TO DO:
Set down all of the entries precisely as they were written.

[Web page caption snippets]
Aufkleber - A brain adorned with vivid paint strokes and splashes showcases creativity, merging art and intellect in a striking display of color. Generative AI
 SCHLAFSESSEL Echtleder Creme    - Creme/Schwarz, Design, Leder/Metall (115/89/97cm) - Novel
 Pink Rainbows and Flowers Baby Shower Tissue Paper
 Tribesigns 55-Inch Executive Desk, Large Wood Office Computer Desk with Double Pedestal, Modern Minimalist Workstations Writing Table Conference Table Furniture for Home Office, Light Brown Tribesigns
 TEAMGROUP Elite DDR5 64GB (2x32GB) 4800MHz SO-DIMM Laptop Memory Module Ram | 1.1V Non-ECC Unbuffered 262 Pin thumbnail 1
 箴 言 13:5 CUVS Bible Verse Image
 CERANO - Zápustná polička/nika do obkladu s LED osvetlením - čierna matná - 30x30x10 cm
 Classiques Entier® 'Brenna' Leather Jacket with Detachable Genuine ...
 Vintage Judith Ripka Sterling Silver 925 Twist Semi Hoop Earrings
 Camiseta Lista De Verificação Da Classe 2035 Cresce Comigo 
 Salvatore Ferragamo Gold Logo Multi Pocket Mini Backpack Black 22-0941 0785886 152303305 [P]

RESULT FOR THIS EXERCISE:
Aufkleber - A brain adorned with vivid paint strokes and splashes showcases creativity, merging art and intellect in a striking display of color. Generative AI
 SCHLAFSESSEL Echtleder Creme    - Creme/Schwarz, Design, Leder/Metall (115/89/97cm) - Novel
 Pink Rainbows and Flowers Baby Shower Tissue Paper
 Tribesigns 55-Inch Executive Desk, Large Wood Office Computer Desk with Double Pedestal, Modern Minimalist Workstations Writing Table Conference Table Furniture for Home Office, Light Brown Tribesigns
 TEAMGROUP Elite DDR5 64GB (2x32GB) 4800MHz SO-DIMM Laptop Memory Module Ram | 1.1V Non-ECC Unbuffered 262 Pin thumbnail 1
 箴 言 13:5 CUVS Bible Verse Image
 CERANO - Zápustná polička/nika do obkladu s LED osvetlením - čierna matná - 30x30x10 cm
 Classiques Entier® 'Brenna' Leather Jacket with Detachable Genuine ...
 Vintage Judith Ripka Sterling Silver 925 Twist Semi Hoop Earrings
 Camiseta Lista De Verificação Da Classe 2035 Cresce Comigo 
 Salvatore Ferragamo Gold Logo Multi Pocket Mini Backpack Black 22-0941 0785886 152303305 [P]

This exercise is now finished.